### [EXERCISE REQUIREMENTS]
Transcribe word for word the lines below from the line with "Amsterdam 15 december 2008" through the line with "Лазерное шоу ФЕНИКС", ends included.

### [MATERIAL TO PROCESS]
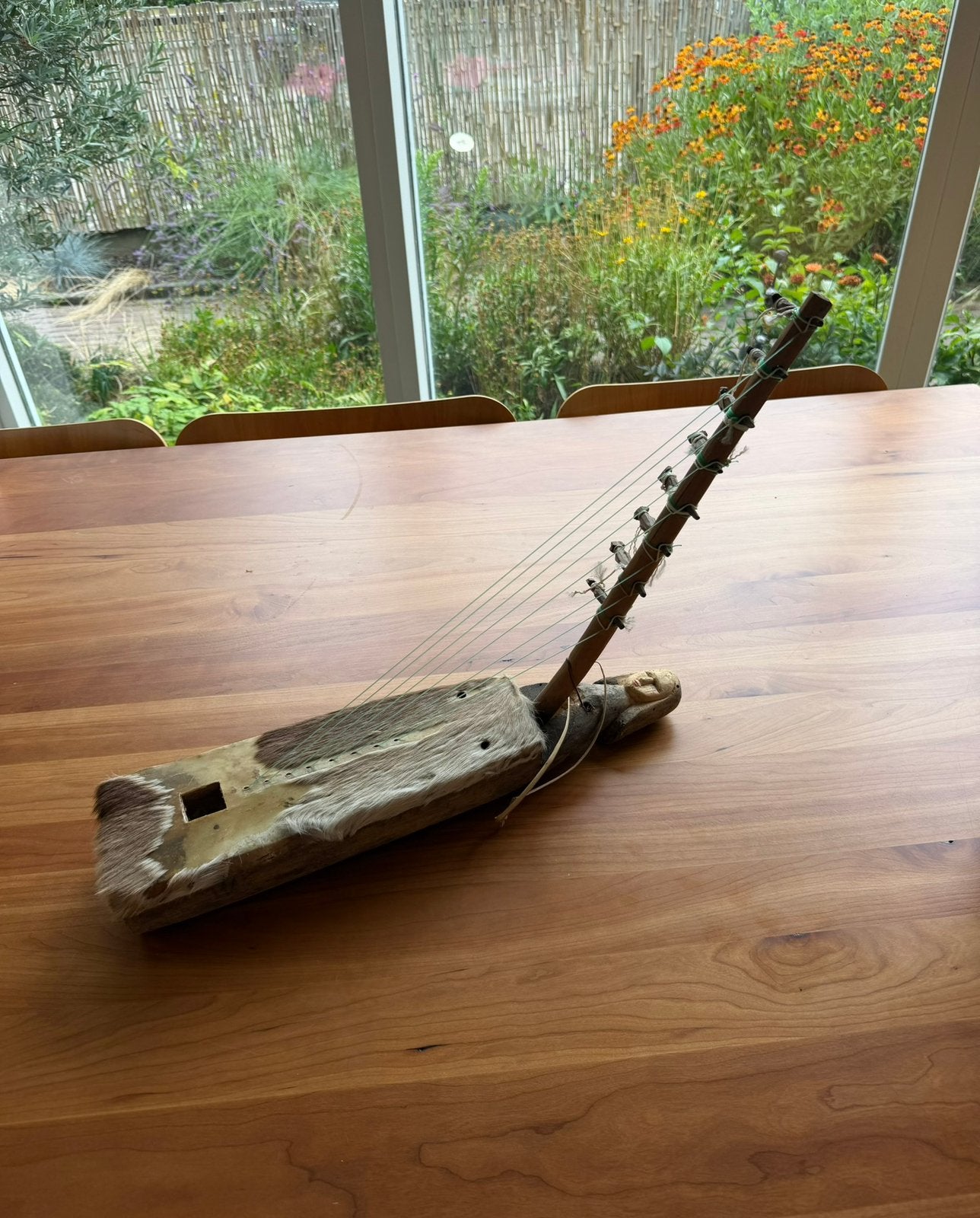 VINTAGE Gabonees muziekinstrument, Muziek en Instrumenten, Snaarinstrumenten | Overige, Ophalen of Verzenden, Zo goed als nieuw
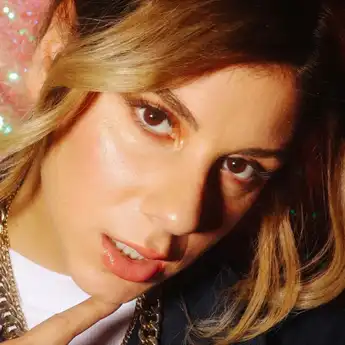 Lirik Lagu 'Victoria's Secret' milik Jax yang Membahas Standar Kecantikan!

==

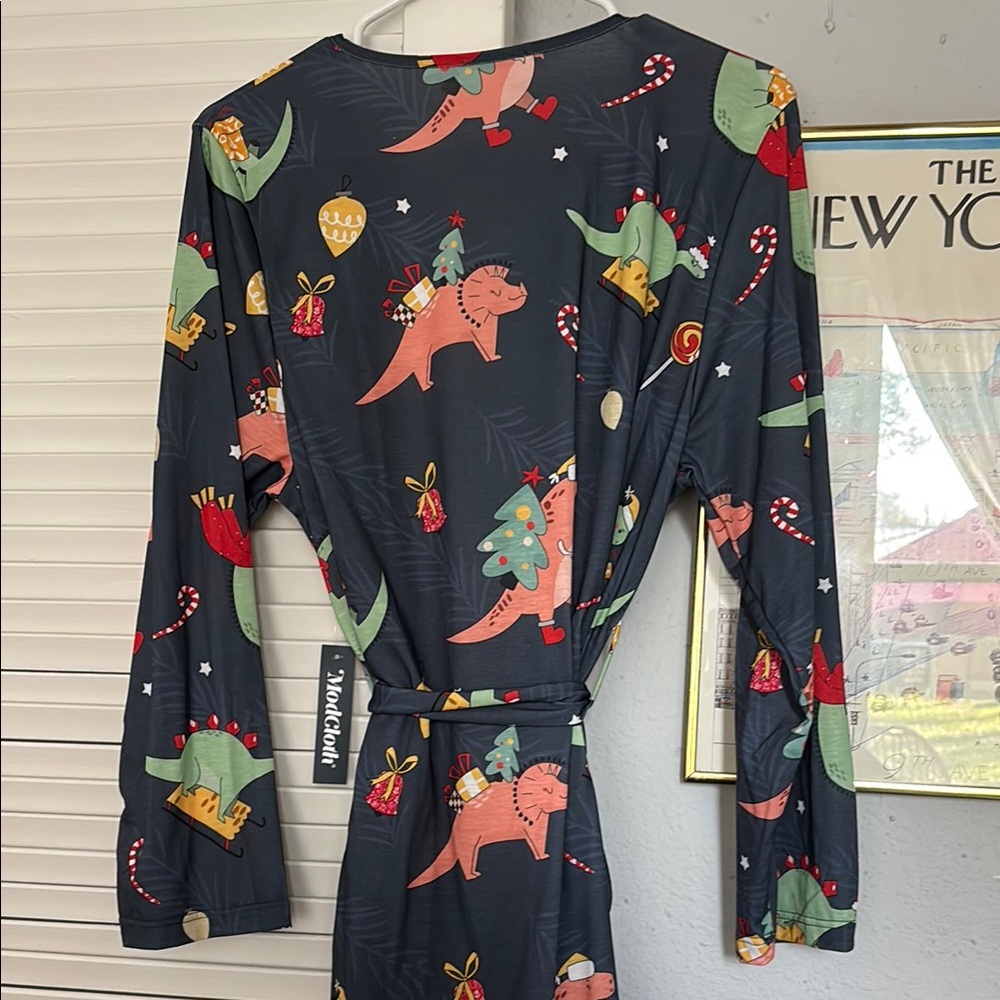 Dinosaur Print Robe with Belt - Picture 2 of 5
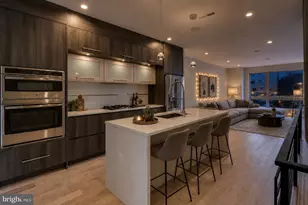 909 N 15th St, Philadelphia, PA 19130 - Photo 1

==

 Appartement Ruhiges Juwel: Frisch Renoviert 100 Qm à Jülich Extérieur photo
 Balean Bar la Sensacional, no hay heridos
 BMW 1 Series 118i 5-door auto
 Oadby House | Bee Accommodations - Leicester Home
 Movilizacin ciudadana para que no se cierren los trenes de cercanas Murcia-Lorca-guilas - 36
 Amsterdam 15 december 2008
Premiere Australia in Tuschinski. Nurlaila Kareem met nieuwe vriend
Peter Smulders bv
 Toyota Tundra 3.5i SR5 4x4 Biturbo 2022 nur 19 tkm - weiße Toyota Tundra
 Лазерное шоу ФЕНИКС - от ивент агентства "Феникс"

### [SOLUTION FOR THIS TASK]
 Amsterdam 15 december 2008
Premiere Australia in Tuschinski. Nurlaila Kareem met nieuwe vriend
Peter Smulders bv
 Toyota Tundra 3.5i SR5 4x4 Biturbo 2022 nur 19 tkm - weiße Toyota Tundra
 Лазерное шоу ФЕНИКС - от ивент агентства "Феникс"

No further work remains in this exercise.